• _Data excerpt_
* * *

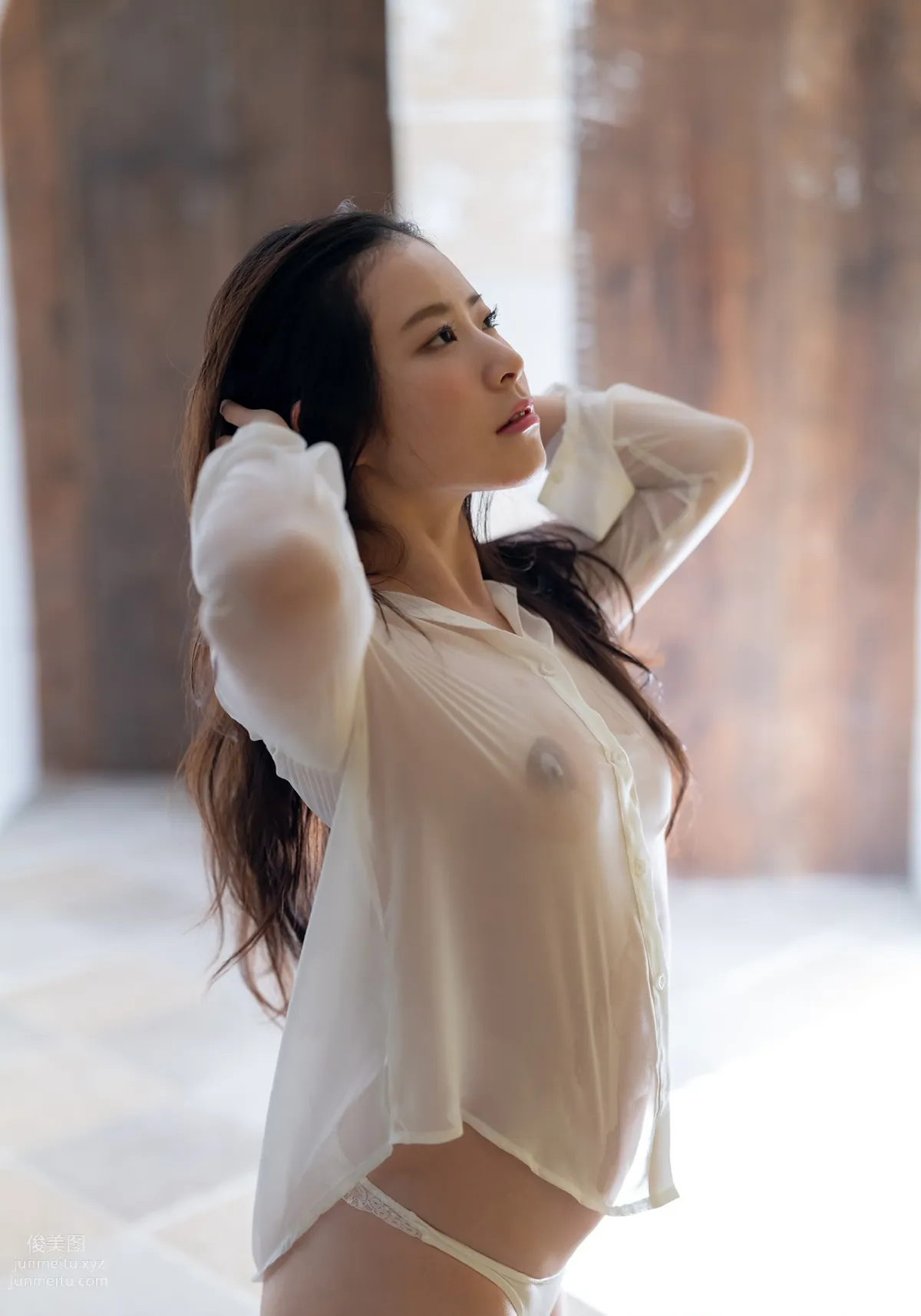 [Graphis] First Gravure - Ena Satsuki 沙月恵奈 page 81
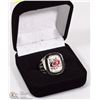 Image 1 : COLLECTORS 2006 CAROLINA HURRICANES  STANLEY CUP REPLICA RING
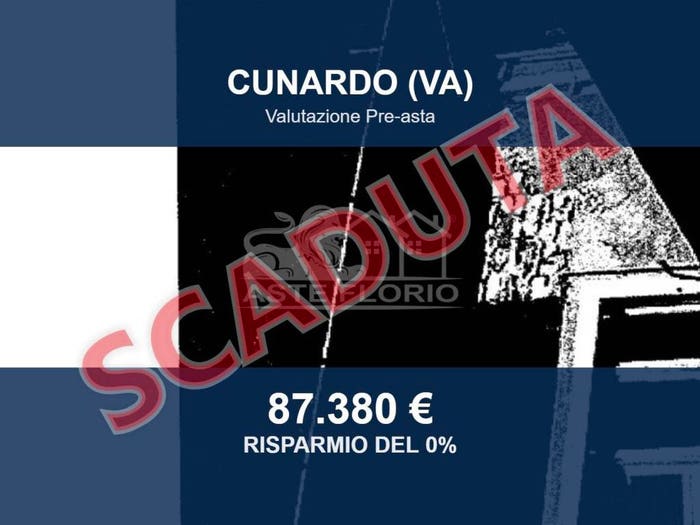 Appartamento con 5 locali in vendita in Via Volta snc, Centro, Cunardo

* * *

• _Work instructions_
Every line above is to be given again exactly, apart from the pictures.

• _Exercise result_
 [Graphis] First Gravure - Ena Satsuki 沙月恵奈 page 81
 Image 1 : COLLECTORS 2006 CAROLINA HURRICANES  STANLEY CUP REPLICA RING
 Appartamento con 5 locali in vendita in Via Volta snc, Centro, Cunardo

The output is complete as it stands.